2640|22|47|وَيَسْتَعْجِلُونَكَ بِٱلْعَذَابِ وَلَن يُخْلِفَ ٱللَّهُ وَعْدَهُۥ وَإِنَّ يَوْمًا عِندَ رَبِّكَ كَأَلْفِ سَنَةٍ مِّمَّا تَعُدُّونَ

Ve yesta’cilûneke bil azâbi ve len yuhlifallâhu va’dehu, ve inne yevmen inde rabbike ke elfi senetin mimmâ teuddûn.

Ve senin çabuklaştırmanı isterler azabı; ve asla bozmaz Allah vaadini; ve doğrusu bir gün Rabbinin katında/indinde bir bin sene gibidir; saydıklarınızdan.

 

Allah zaman ve mekandan münezzehtir. Allah'ın bulunduğu bir yer veya zamandan bahsedilemez. Bu ayette ‘inde rabbike’ (rabbinin yanında) tamlaması Allah’ın Arş’ını işaret etmektedir. Allah’ın Arş’ı olan hiperuzayda ('higher-dimensional bulk') zaman genişlemesi olduğunu görmekteyiz. 2 atom saati düşünelim. Bir tanesini Dünya’mız üzerine, 2. atom saatini ise hiperuzaya koyalım. Hiperuzaydaki saatte 1 gün geçtiğinde Dünya üzerindeki saatte 1000 yıl geçecektir.

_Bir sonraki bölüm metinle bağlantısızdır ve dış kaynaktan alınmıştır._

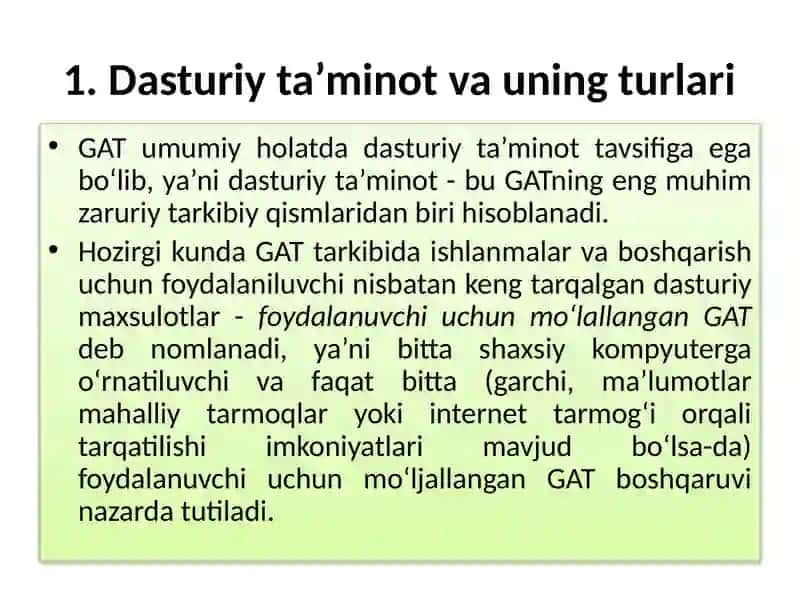 GAT tarkibida boshqarishni tashkil qilish 2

Şimdi kıyamet sonrası sahnelere bir bakalım. Aşağıdaki ayetler incelendiğinde Dünya’da yaşanan bir insan ömrünün kıyamet sonrası günün bir saatine yakın olduğu (10:45, 30:55, 46:35), günün az bir zamanı olduğu (23:114), akşam veya akşamın aydınlık süresi kadar (Güneş batmadan önceki zaman) olduğu ayetlerden anlaşılır.

79:46 ayeti biraz daha fazla incelenmesi gereken bir ayettir.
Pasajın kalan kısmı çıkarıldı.